The book notes effectively that it takes a lot more to collaborate on sales forecasts than asking customers for some number each month. Sherman says it is essential to understand a major customer's demand management structures and processes - the "business systems" that dictate how the order really gets created. These systems are "the matches that light the fires you fight every day," Sherman says, and understanding those systems will almost always improve the forecasting process. Unfortunately, not many companies really want to take it that far - or the customer won't allow the supplier in to get that business understanding.

In fact, the need to deeply understand a company's own "business systems" for demand creation and demand fulfillment is another key theme of the book. Especially powerful is discussion around how what appear to be functional silos in the business can easily be broken when the focus from the top is on the entire business system that delivers some result, and almost always involve processes that span those functional boundaries.

Another commonsense recommendation comes in approach to asking for funding to support process improvements or especially new supply chain technology. Smart supply chain managers start by promising a business result the CEO or CFO wants to achieve - say a 10% reduction in inventory - and then explaining how to get there. In that context, the investment is usually small in comparison to the attractive result. (This is in fact the exact approach used by Andrew Lewis of large electronics distributor RS Components to sell a new supply chain planning system. See Bold Move to Deploy "Next Generation" Planning Systems at Start of Recession Pays off for Major Distributor RS Components.)

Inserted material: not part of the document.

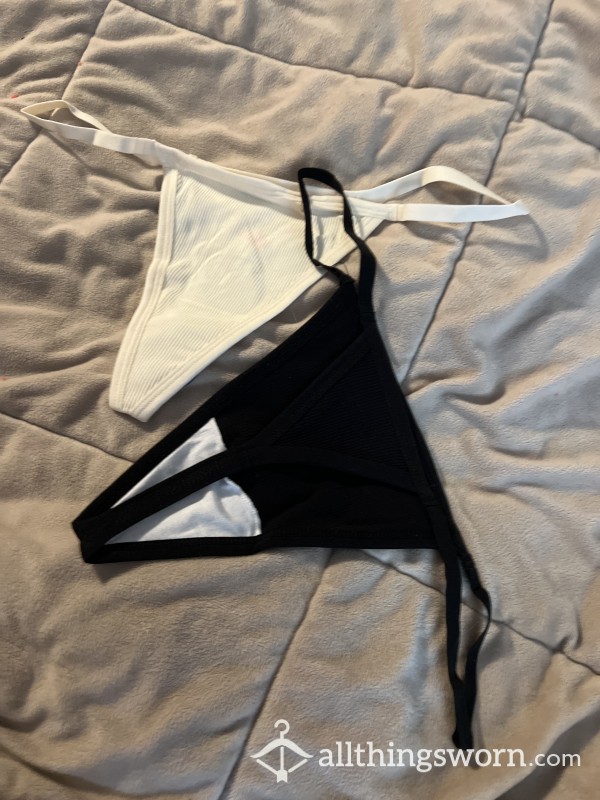 G String Thong Comes With Five Day Wear Pick Your Color, Black Or White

Too many supply chain managers engage executives not from the business results side, but rather from the amount of capital that is needed - and the CEO and CFO are generally against spending the shareholders' money if they don't have to. And requests coming from this orientation can also look self-serving, even if the driver really is better results for the company.

"Every day, you need to wake up and say Business as Usual has been Cancelled," Sherman concludes in the last chapter of the book, adding that in a sense supply chain is like playing a video game. "As you navigate your way to and through the House of Excellence to Leader City, you pick up more weapons and ammunition along the way," he writes.

Which is why the leaders seem to keep getting better and better. Hence the imperatives for the rest to transform their supply chains now.

Any reaction to this summary of Sherman's new book. What do you think supply chain transformation is all about? Let us know your thoughts at the Feedback section (email) or button below.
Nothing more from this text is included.